She finds she can't answer.



Keith lost the vote, but he didn't lose his famous lasagna recipe, nor his habit of trading dish duty for homemade dessert.

But there's a kind of quiet in the Mars household, a silence that settles when the plates are in the sink and the leftovers are in the fridge and Veronica is drying the glasses. Keith is in his room instead of in front of the television, working on the computer instead of trading jokes over the last slice of pie. And she knows what it is. He hasn't said anything to her about it, hasn't tried to make her feel bad or guilty. He's been a little too nice. Not serial-killer nice. He's not mailing her to Peru. He's just- let it go. Or he's pretending to.

"Honey, I think that one's done."

Veronica glances down at the bone-dry tumbler she's still anxiously scrubbing with the dishtowel.

"Ah." She sets it down on the counter. "Still busy with your San Diego thing ?"

"Nope." He slides onto a stool. "The San Diego thing is in the bag." He smiles, cat ate the canary-esque, and rests his chin on his hands. Veronica waits a beat. "And I bet you're wondering about that metaphorical bag. Well hey, presto-" he waves his hands around like an amateur magician. "Tickets to the art museum," he says. "The La Jolla Playhouse, and..."

"And ?"

"The Padres," he sighs, and she laughs. "Don't judge me. I can feel the judgment in your mirth. Thought you might want to spend a weekend with your old man before you leave that didn't involve faxing insurance fraud documents."

"I do," she says. "Dad-"

"You'll have to spring for the cracker jacks."

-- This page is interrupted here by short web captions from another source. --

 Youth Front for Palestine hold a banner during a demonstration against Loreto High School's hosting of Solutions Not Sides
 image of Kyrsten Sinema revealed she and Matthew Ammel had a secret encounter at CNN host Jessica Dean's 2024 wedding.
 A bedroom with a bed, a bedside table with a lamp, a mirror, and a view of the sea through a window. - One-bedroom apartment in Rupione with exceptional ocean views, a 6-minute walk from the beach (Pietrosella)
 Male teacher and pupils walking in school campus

"Are we ever going to talk about it ?" She stares down into the surface of the counter. "I let you down."

"Veronica," he says, "we're okay."

"How can we be okay ? You should be- you shouldn't have lost because of me. Because of what I did."

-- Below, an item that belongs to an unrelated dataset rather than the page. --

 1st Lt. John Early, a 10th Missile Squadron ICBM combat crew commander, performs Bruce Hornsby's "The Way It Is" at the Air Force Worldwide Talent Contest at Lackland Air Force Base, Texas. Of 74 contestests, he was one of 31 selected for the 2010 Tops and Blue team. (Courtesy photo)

"We're okay," he repeats. And then she watches as he stands up and pads around the kitchen island in his sock feet. He opens his arms to her and she burrows her face into his shirt pocket for a minute, the way she used to when she was shorter and younger and the world seemed bigger, reassured by the good solid grown-up soap and photocopies smell of him. "You're my girl. You're always going to be my girl, Veronica. I admit I was disappointed. And you disappointed yourself." She grimaces. The understatement of the century. "So, we screw up. We let each other down, and we forgive, and we survive. That's how it works."

"It sounds simple," she murmurs.

"It is simple." He kisses the top of her head. "Now lasagna, that's difficult. A minute to learn, a lifetime to master."

Veronica laughs.



On the first night of summer vacation Logan calls her cell phone, leaves a garbled message that sounds like he is sitting in a parked car by a major street with his windows rolled down. She listens to it twice and then something clicks: Veronica slips into a pair of sandals and tells Keith she's going for a walk. She goes out of the apartment, along the open corridor and down the stairs.

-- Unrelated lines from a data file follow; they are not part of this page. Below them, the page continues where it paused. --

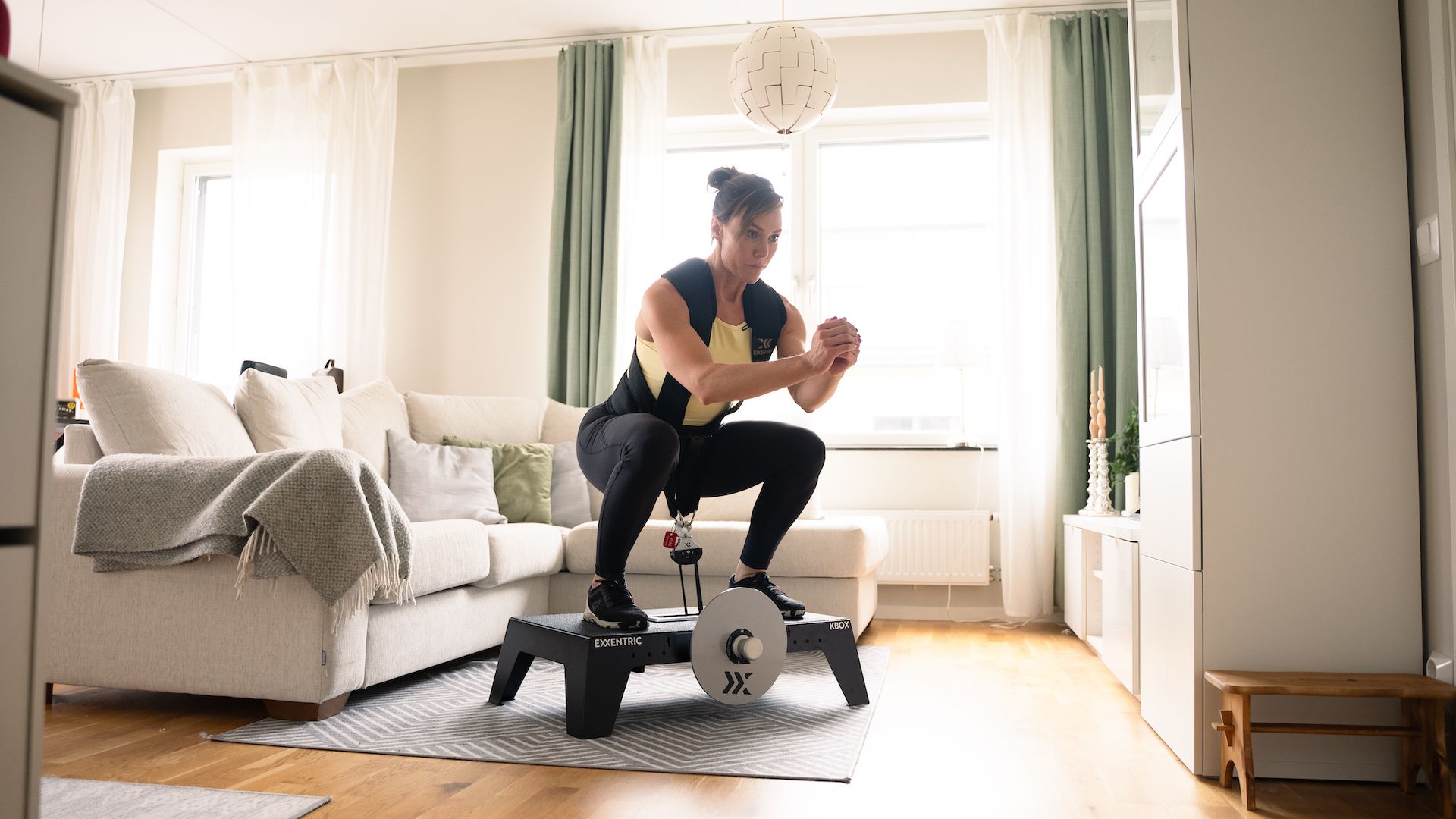 Sara squatting on kBox Active with harness and M flywheel in the living room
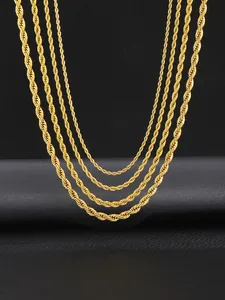 Close-up of four assorted thicknesses of golden stainless steel rope chains on black leather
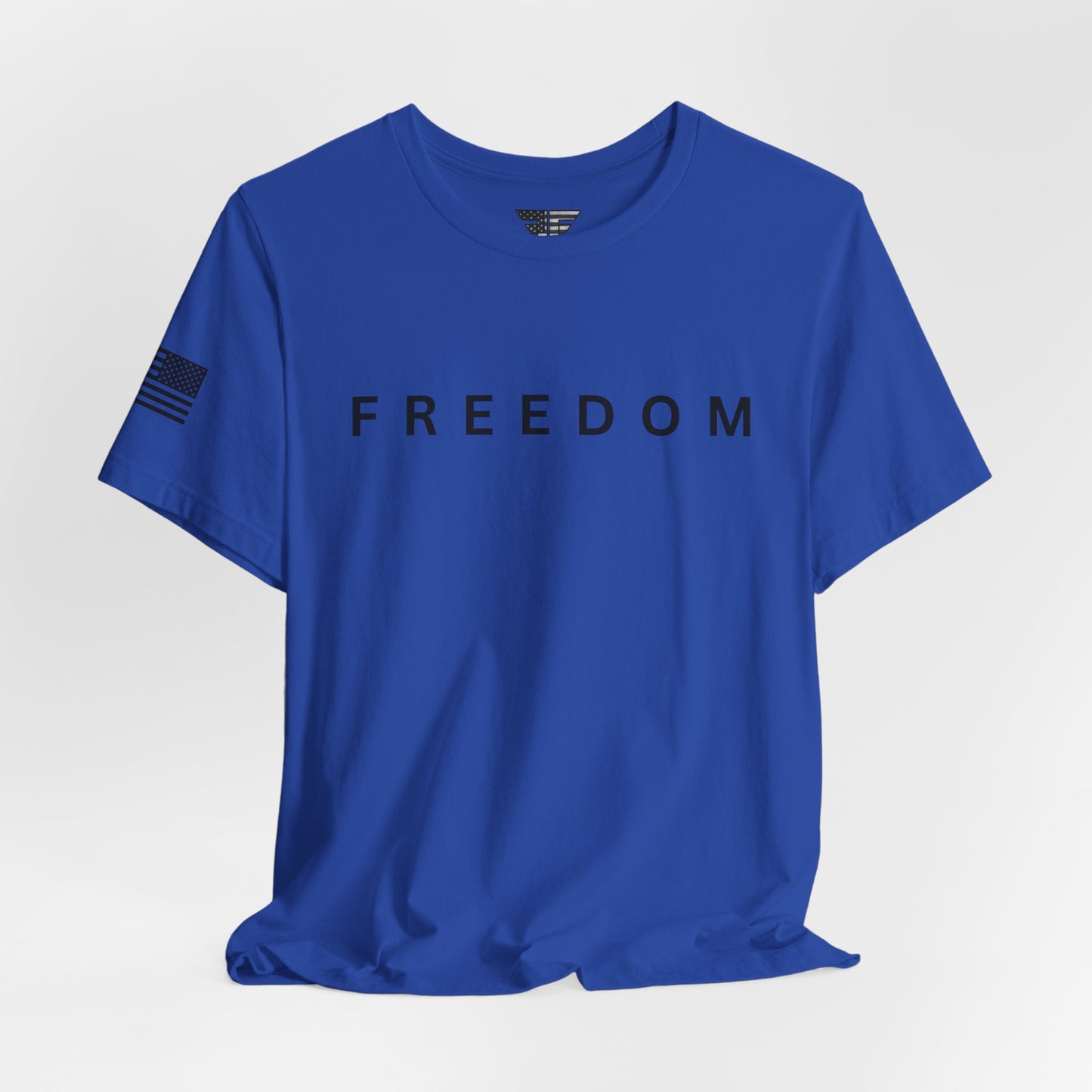 Blue t-shirt with 'FREEDOM' printed on it against a light gray background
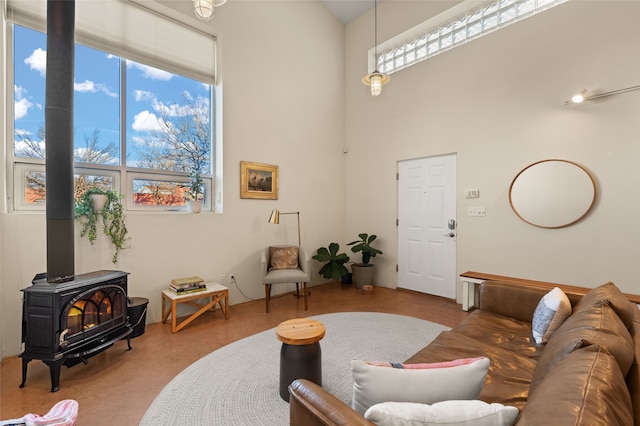 living room with a wood stove and a towering ceiling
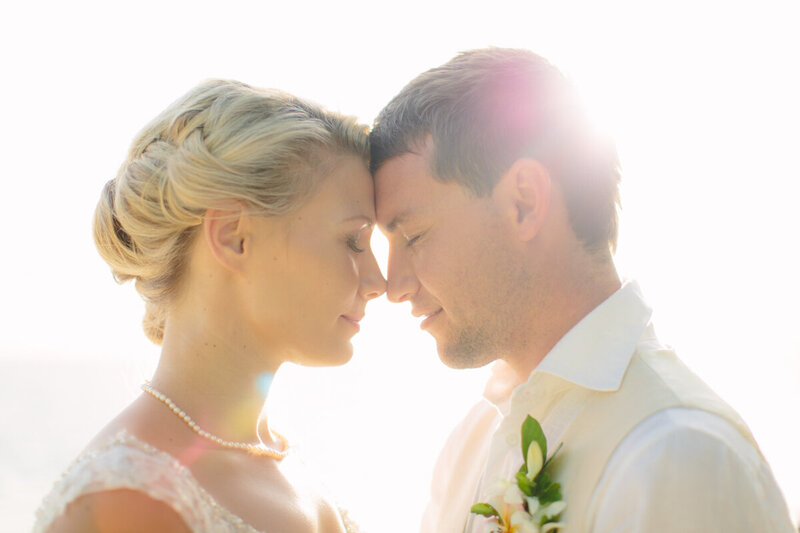 Couple forehead to forehead bride and groom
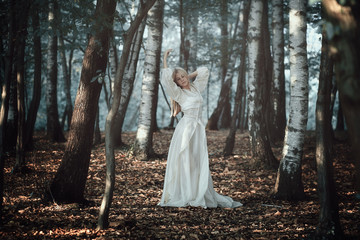 Beautiful woman dancing in ethereal forest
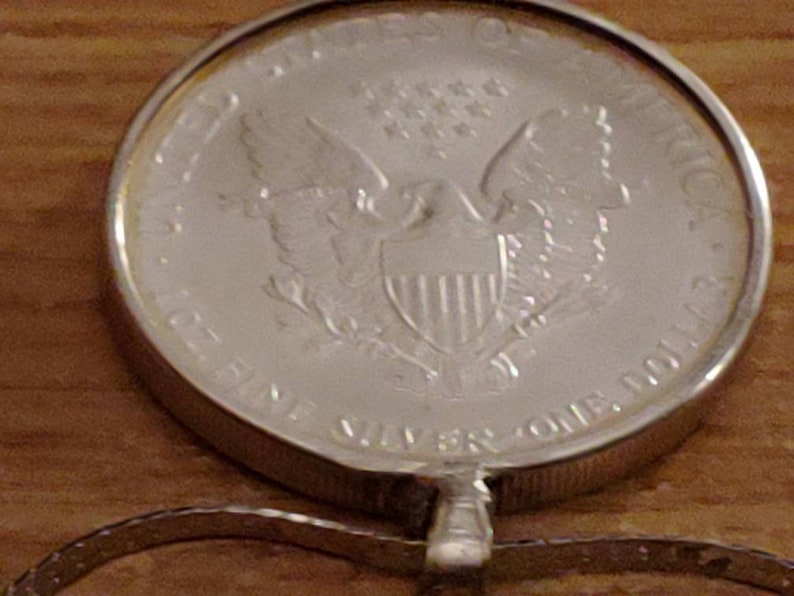 May include: A silver coin pendant featuring an eagle design. The coin is inscribed with the words "UNITED STATES OF AMERICA" and "ONE DOLLAR". The pendant is attached to a silver chain. The coin is approximately 1.5 inches in diameter.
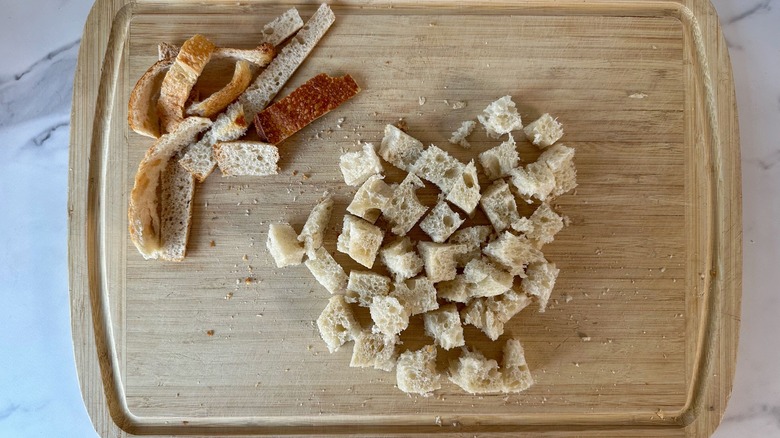 cubed bread on cutting board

He's parked across the street.

She waits for a minivan full of screaming teenagers singing a Kelly Clarkson song at the top of their lungs, waits for a couple of boring sedans and a Lexus and a bright green Kawasaki to pass. They rush by in both directions. There's a floodlight on her side of the road and she's uncomfortably aware that she is standing right under it, washed out and glaring in the near-dark, while she can barely make out his shape in the Range Rover on the opposite side. She crosses when it's clear. Veronica walks around the front of the car. His passenger-side window is open all the way, and she looks inside. He's looking back at her.

"What's the line ?" he asks. "Come into my parlour-"

"-said the spider to the fly." Veronica unlatches the door and climbs inside. She sits in the overlarge seat, turned towards him under the faint reflected light from the windshield. She folds her hands over one kneecap. "I'm not entirely convinced who's who in this setup." He looks down at the steering wheel, grinning to himself.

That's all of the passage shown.